In the second letter of Paul to the church at Corinth, in the fifth chapter, Paul describes the horror to the Christian of disembodiment. Like nature abhors a vacuum, the Christian faith abhors disembodiment. Paul calls it nakedness. Paul calls it unclothed [2 Corinthians 5:1-4]. We who lie corrupting in the dust of the ground may be spirits in heaven, but our very corrupting bodies witness against Christ. He’s not able to raise us from the dead.
He is raised. He’s an immortalized, glorified, transfigured man, but we lie [as] pawns of Satan. He, Satan, is the victor of the tomb. Every grave in this world witnesses against our Lord: “You’re not able. You have failed. You’ve passed me by. You’ve forgotten me.” The grave is triumphant. Death is victorious.
That’s why I think that when I read the Bible such as the fourth chapter of the First Thessalonian letter or the fifteenth chapter of the First Corinthian letter—that’s why I read that when He comes, when He comes, when He comes the dead in Christ are raised first [1 Thessalonians 4:4-18, 1 Corinthians 15:52]. This is the great mark of the triumphant Lord: the resurrection of the dead [Romans 1:4]. And if He’s not able to raise us from the dead, if He leaves us corrupting in the heart of the earth, His victory is nothing but a defeat for His fallen saints and those who have found refuge in Him. There has to be a resurrection from the dead if our Lord is to be victorious over sin and death and the grave.
In our beautiful passage, it speaks of “the grace of God that has brought salvation to us” [Titus 2:11]. That salvation is in three respects. The salvation is for us. He died for us on the Cross [Romans 5:8]. That salvation is in us. He regenerates our souls and our spirits [Titus 3:3-6]. But also, that salvation is upon us. We are clothed upon with our house, our home, our body, which is fashioned by His omnipotent hands in heaven [1 Corinthians 15:45-57]. That’s why it is called “the blessed hope.”
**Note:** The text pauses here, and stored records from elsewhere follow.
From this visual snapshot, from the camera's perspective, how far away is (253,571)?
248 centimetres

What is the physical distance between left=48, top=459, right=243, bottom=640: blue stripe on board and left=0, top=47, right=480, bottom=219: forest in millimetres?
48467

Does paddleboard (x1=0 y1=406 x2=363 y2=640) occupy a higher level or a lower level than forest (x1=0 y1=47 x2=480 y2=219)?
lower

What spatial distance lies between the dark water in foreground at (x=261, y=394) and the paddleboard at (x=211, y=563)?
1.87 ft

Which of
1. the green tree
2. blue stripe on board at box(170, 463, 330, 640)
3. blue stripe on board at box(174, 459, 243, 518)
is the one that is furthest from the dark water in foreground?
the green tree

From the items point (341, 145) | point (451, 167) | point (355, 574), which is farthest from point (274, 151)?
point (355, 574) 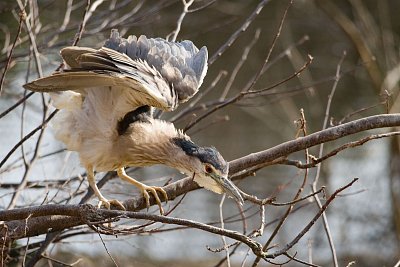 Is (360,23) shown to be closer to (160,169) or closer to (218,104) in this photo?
(160,169)

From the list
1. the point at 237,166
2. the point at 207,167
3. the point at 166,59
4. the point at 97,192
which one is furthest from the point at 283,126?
the point at 237,166

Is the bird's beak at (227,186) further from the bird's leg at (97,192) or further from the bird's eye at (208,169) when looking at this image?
the bird's leg at (97,192)

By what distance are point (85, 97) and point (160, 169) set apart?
395 cm

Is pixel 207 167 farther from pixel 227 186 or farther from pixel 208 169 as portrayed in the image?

Third: last, it is called “the blessed hope” because of the glorious appearing, personal, visible, of our great God and Savior Jesus Christ. Do you notice the theology of that sentence: “looking for the blessed hope and the doxa appearing of the, t-h-e singular, the—the great God and Savior, our Jesus Christ” [Titus 2:13]. That’s what it is. As Paul wrote it, we are looking for “the appearing of the great God our Savior Jesus Christ.” When He comes—when He comes, it’ll be the coming of the Lord God Himself, and it will be the Lord God Himself that we shall see [Revelation 1:5-8].
That theology of the deity of our Lord is met again and again in the Word of the Bible. For example, Isaiah 9 and 6: “Unto us a child is born and unto us a Son is given …. and His name shall be called Wonderful, Counselor, The Mighty God, The Everlasting Father …” His deity.
In the theme of our pre-Easter services, the doubting Thomas looking upon the risen Lord cried, “My Lord and my God” [John 20:28]. It is God who is coming in all of the glory of deity, “the glorious appearing of our great God and Savior Jesus Christ” [Titus 2:14].